Why did the United States and other European countries initially form NATO, and why has it remained active until today?
 

Overview

After World War II, the U.S. and the U.S.S.R. occupied much of Europe. Most of the continent's governments had fallen to the Nazis during the war, so the two superpowers were left with the responsibility of setting up new governments. Each promised to allow free elections, but in the end, did not. This left eastern and western Europe divided by style of government (eastern was communist, western was not) and left Germany divided between the two superpowers.

 
Eventually, as tensions rose between the superpowers, the Soviets cut off their area of Germany, and closed access to West Berlin, which was located deep within the Soviet zone of occupation. The allies aided the citizens of Berlin with supplies during the Berlin Airlift of 1948. This was a combined effort between the USA, Britain and France to keep the city alive. In the end over two million tons of food and supplies were dropped.

 
Soon after, when the Soviets began withdrawing from other countries around the world, it became evident that they were not going to go quietly.

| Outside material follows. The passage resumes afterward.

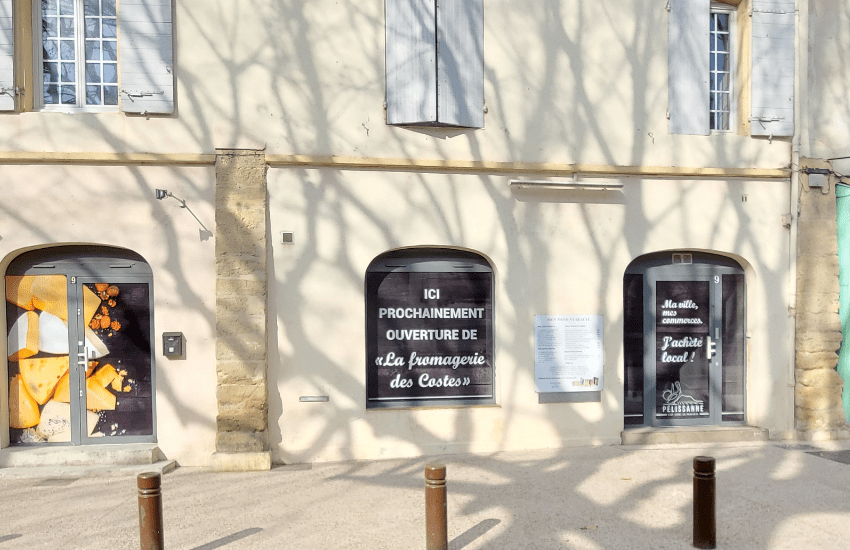 Lettrage adhésif posé sur une vitrine pour l'ouverture prochaine d'une froamgerie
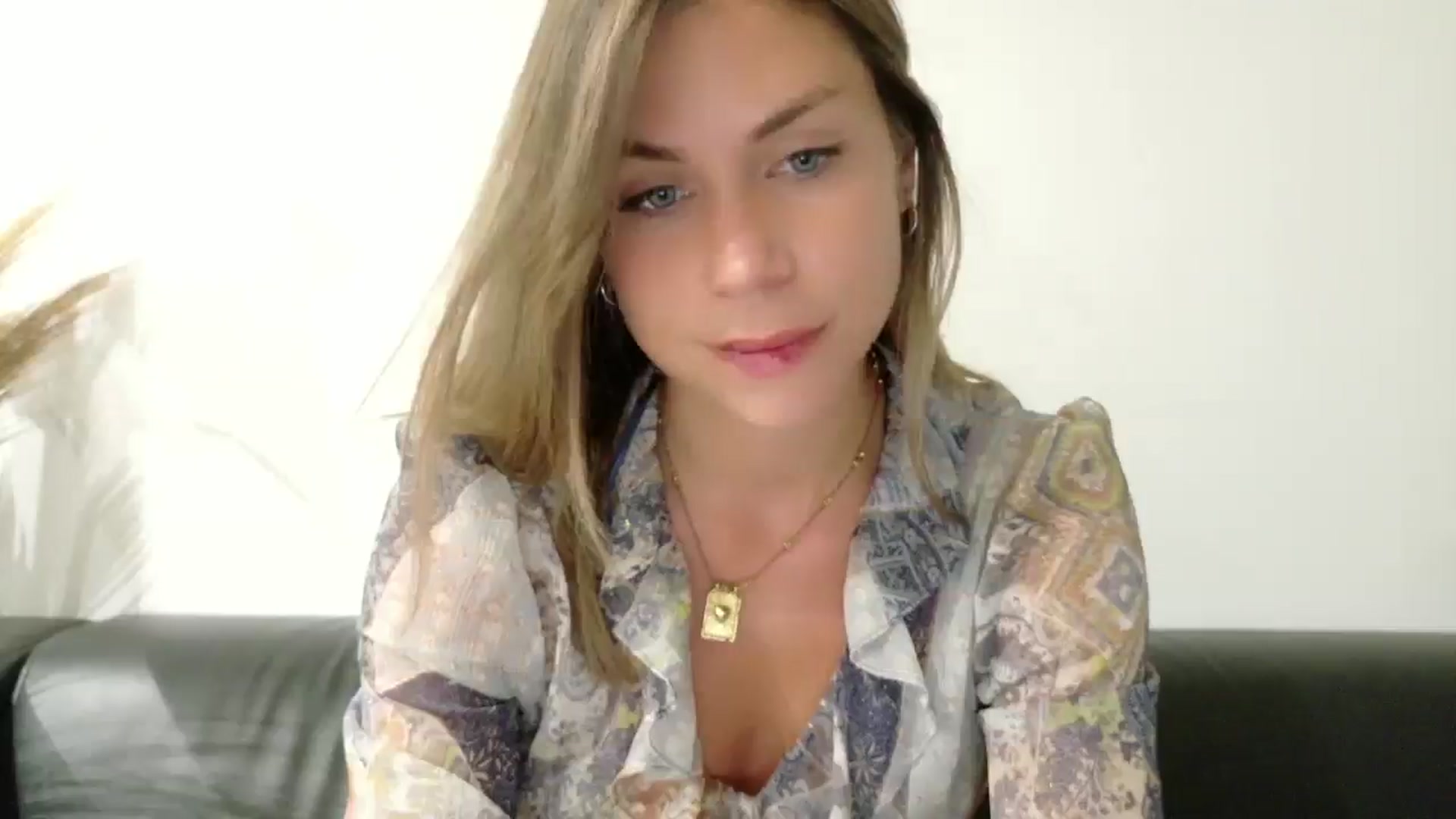 Gallery image thumbnail from Alicewonder1's myfreecams stream on, 07/22/2025, 20:44 image 6 of 20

The USSR demanded oil concessions from Iran in exchange for withdrawal, but did not get them. In a similar manner, the Soviet leaders demanded that Turkey allow them to utilize its resources to spy on the western world. The Soviets also supported a communist revolution in Greece that led to a bloody civil war. Soon after that, there was a communist coup in Czechoslovakia, which was not a Soviet initiated venture, but quickly received full Soviet support. Western European nations countered this chain of events and the apparent growing Soviet threat with the Brussels Treaty, which defensively linked Britain, France, and Benelux.

 
The expansion of Soviet influence in Eastern Europe and the threats against Greece and Turkey aroused growing alarm throughout Western Europe. As a consequence, in April 1949, in accordance with the United Nations Charter, 12 nations established the North Atlantic Treaty Organization (NATO) to coordinate the military defenses of member nations against possible Soviet aggression. Belgium, Canada, Denmark, France, Great Britain, Iceland, Italy, Luxembourg, the Netherlands, Norway, Portugal and the United States (with Greece, Turkey and the Federal Republic of Germany joining afterward in 1952) agreed to consider an armed attack against any one of them as an attack against all. The territory covered included French Algeria, and there were also provisions in the treaty to protect the "occupation forces in any party of Europe." In December 1950, General Dwight D. Eisenhower was appointed the Supreme Commander of NATO military forces with a unified command of 50 combat divisions.
 

Timeline
 
  • 1947 -- March 4th -- Anglo-British treaty of alliance 
  • 1948 -- March 17th -- Britain, France and Benelux sign 50 year alliance (Brussels Treaty) 
  • 1949 -- April, 4th -- NATO signed by 12 Nations 
  • 1950 -- June 25th -- Korean War begins 
  • 1950 -- February -- Chinese/Soviets sign friendship treaty 
  • 1951 -- September 1st -- ANZUS is created for Pacific Security 
  • 1951 -- President Eisenhower appointed by Truman to Overall Command of NATO 
  • 1952 -- February -- NATO conference approves the idea of a European army 
  • 1954 -- September, 8th -- SEATO of 8 nations links South Eastern Asia in much the same manner as NATO 
  • 1955 -- May -- Federal Republic of Germany enters NATO 
  • 1955 -- CENTO 
  • 1955 -- February 24th -- Baghdad pact (Turkey,Iraq and later Pakistan and Iran) sponsored by Britain security vs Soviet, Iraq withdrew in 1958, others became 1959 CENTO with US 
  • 1963 -- France and Germany sign Treaty of Friendship 
  • 1966 -- France withdraws from the NATO military structure
 

WWW Sites

NATO maintains its own official page where you can find just about everything you would ever need to know about the organization, past and present. There is also a page with the latest information about the NATO. The actual treaty which defined the creation of NATO is available at that site, as well as divided and indexed at Yale University. The NATO Handbook describes how NATO is structured and controlled. Also take a look at the site for NATO's Supreme Commander in Europe.   Finally, if you must, you can check wikipedia.

Some other sites:


Recommended Books
 
The following book is highly recommended for information on the creation of NATO: D. Cook, Forging the Alliance: The Birth of the NATO Treaty and the Dramatic Transformation of US. Foreign Policy between 1945 and 1950 (Secker & Warburg, I989)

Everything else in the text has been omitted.